You may need to supply an MPI command invocation recipe for your particular cluster, depending on your choice of task server. Supply a template as the mpi_command_string field, which will be converted by Python’s string format function to produce a version of the command with the specific resource requirements of your task by the render_mpi_launch() method. The attributes of this class (e.g., node_count, total_ranks) will be used as arguments to format. For example, a template of aprun -N {total_ranks} -n {cpu_process} will produce aprun -N 6 -n 3 if you specify node_count=2 and cpu_processes=3.

Parameters:
  • executable – List of executable arguments

  • name – Name used for the task. Defaults to executable[0]

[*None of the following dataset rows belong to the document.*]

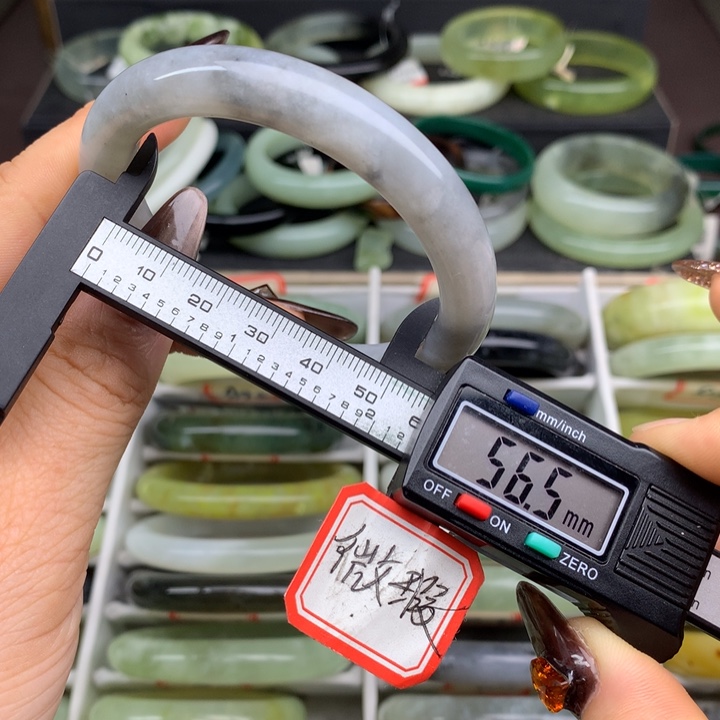 蛇纹石玉未镶嵌手镯888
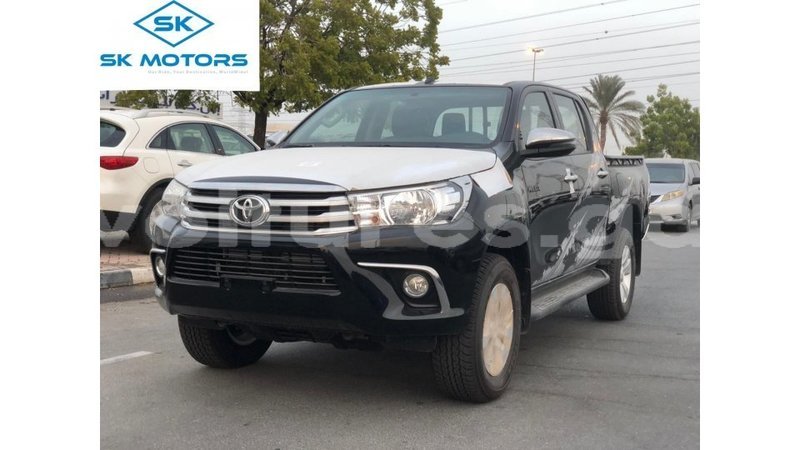 Big with watermark toyota hilux estuary import dubai 6672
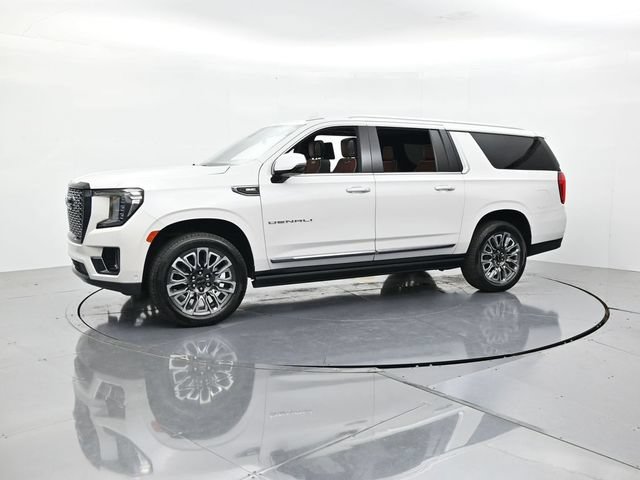 Used 2023 GMC Yukon XL Denali Ultimate AWD/4WD image 6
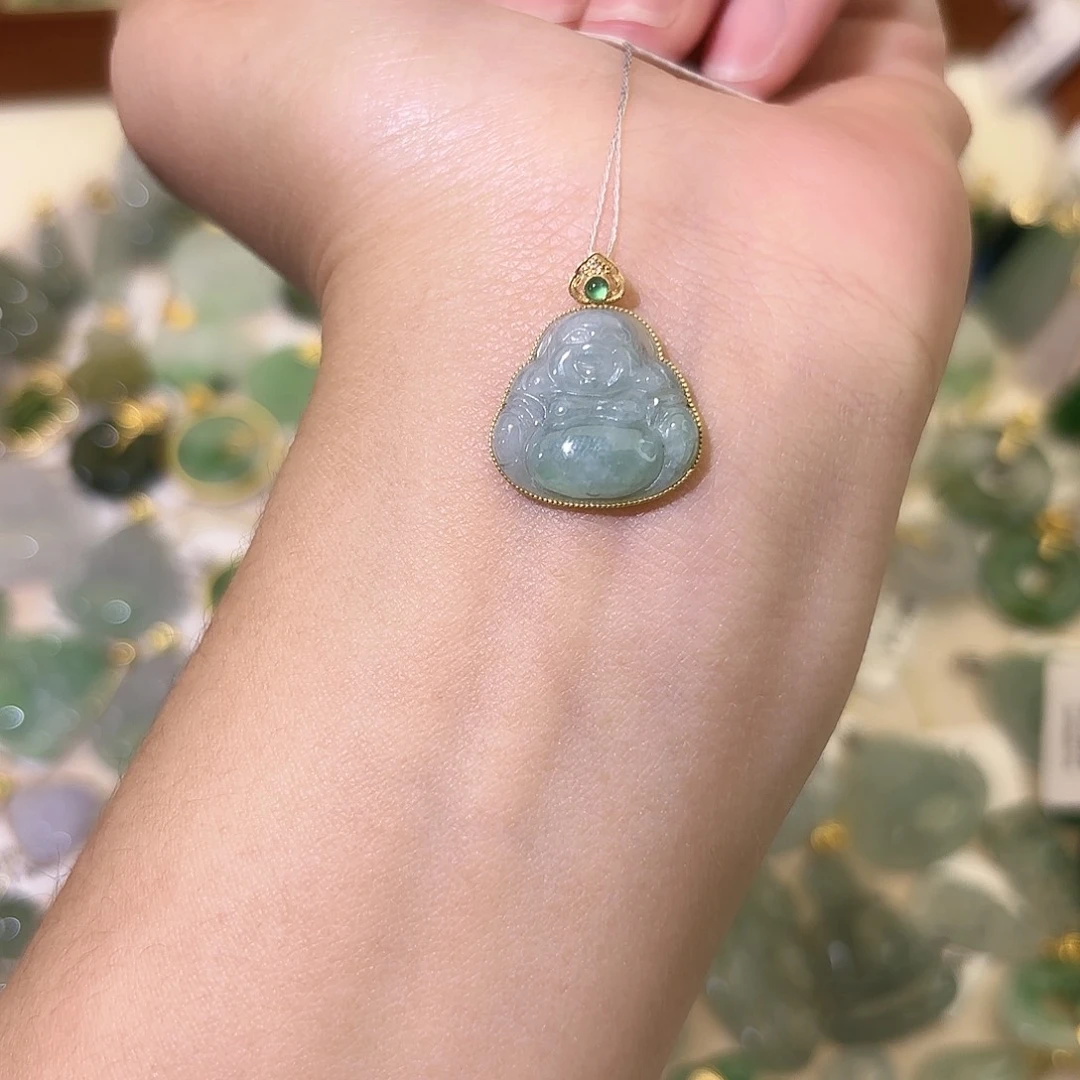 翡翠18K金镶嵌颈饰佛公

  • mpi – Whether to use MPI to launch the exectuable

  • mpi_command_string – Template for MPI launcher. See mpi_command_string.

executable: List[str]

Command used to launch the executable

mpi: bool = False

Whether this is an MPI executable

mpi_command_string: str | None = None

Template string defining how to launch this application using MPI. Should include placeholders named after the fields in ResourceRequirements marked using {}’s. Example: mpirun -np {total_ranks}

render_mpi_launch(resources: ResourceRequirements) str

Create an MPI launch command given the configuration

Returns:

MPI launch configuration

preprocess(run_dir: Path, args: Tuple[Any], kwargs: Dict[str, Any]) Tuple[List[str], str | None]

Perform preprocessing steps necessary to prepare for executable to be started.

These may include writing files to the local directory, creating CLI arguments, or standard input to be passed to the executable

Parameters:
  • run_dir – Path to a directory in which to write files used by an executable

  • args – Arguments to the task, control how the run is set up

  • kwargs – Keyword arguments to the function

Returns:

  • Options to be passed as command line arguments to the executable

  • Values to pass to the standard in of the executable

execute(run_dir: Path, arguments: List[str], stdin: str | None, resources: ResourceRequirements | None = None) float

Run an executable

Parameters:
  • run_dir – Directory in which to execute the code

  • arguments – Command line arguments

  • stdin – Content to pass in via standard in

  • resources – Amount of resources to use for the application

Returns:

Return type:

Runtime (unit

assemble_shell_cmd(arguments: List[str], resources: ResourceRequirements) List[str]

Assemble the shell command to be launched

Parameters:
  • arguments – Command line arguments

  • resources – Resource requirements

Returns:

Components of the shell command

postprocess(run_dir: Path) Any

Extract results after execution completes

Parameters:

run_dir – Run directory for the executable. Stdout will be written to run_dir/colmena.stdout and stderr to run_dir/colmena.stderr

function(*args, _resources: ResourceRequirements | None = None, **kwargs)

Execute the function

Parameters:
  • args – Positional arguments

  • kwargs – Keyword arguments

  • _resources – Resources available. Optional. Only used for MPI tasks.